Amuru Sugar Works Limited
- Company type: Private
- Industry: Manufacture & distribution of sugar
- Headquarters: Amuru District, Uganda
- Key people: Madhvani Group
- Products: Sugar

= Amuru Sugar Works Limited =

Proposed sugar estate in Uganda

Amuru Sugar Works Limited (ASWL) is a proposed sugar manufacturing company in the Northern Region of Uganda.

==Location==
The factory and sugar plantation would be located south of the Zoka Forest in Amuru District, Acholi sub-region. This location would be approximately 130 km, by road, north-west of Gulu, the largest city in the Northern Region of Uganda.

==Overview==
Sometime before 2010, the Madhvani Group applied to lease 40000 acre in Amuru District to establish a commercial sugar plantation and a factory. Uganda's central and district governments consented to the deal, but the resident communities, through their traditional leaders, objected. In September 2010, parliament members from the Acholi sub-region sued the Madhvani Group and the traditional chiefs over the "land giveaway". In 2012, the Madhvani Group won that case. The most contentious issues are "who owns the land?" and "who has the right to determine how that land can be used?"

==New developments==
On 13 January 2015, State House announced that the community had agreed to withdraw the court case and accept compensation for the land in contention.

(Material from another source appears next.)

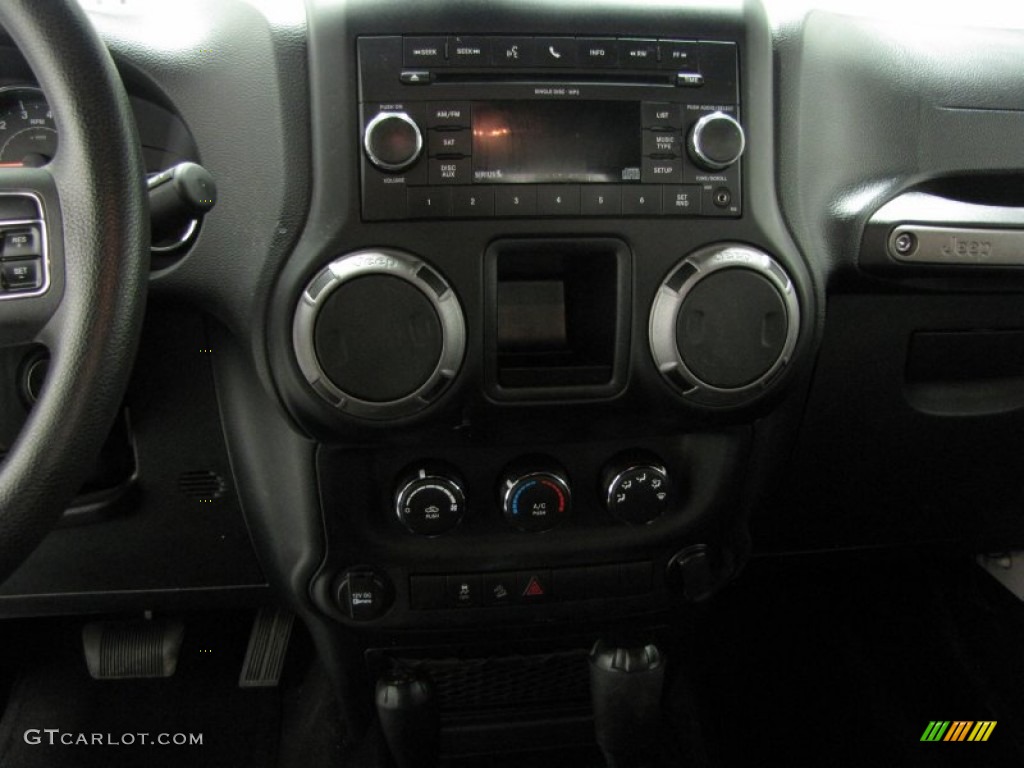 2011 Wrangler Sport 4x4 - Bright White / Black photo #20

If and when the sugar estate is built, it will sit on 40000 ha. 20000 ha will be a nucleus estate for the factory and the remaining acreage will be leased out to sugarcane outgrowers. An estimated 7,000 outgrowers are expected to benefit and the sugar estate and factory are expected to create an estimated 8,000 jobs. The entire project is budgeted at approximately US$100 million.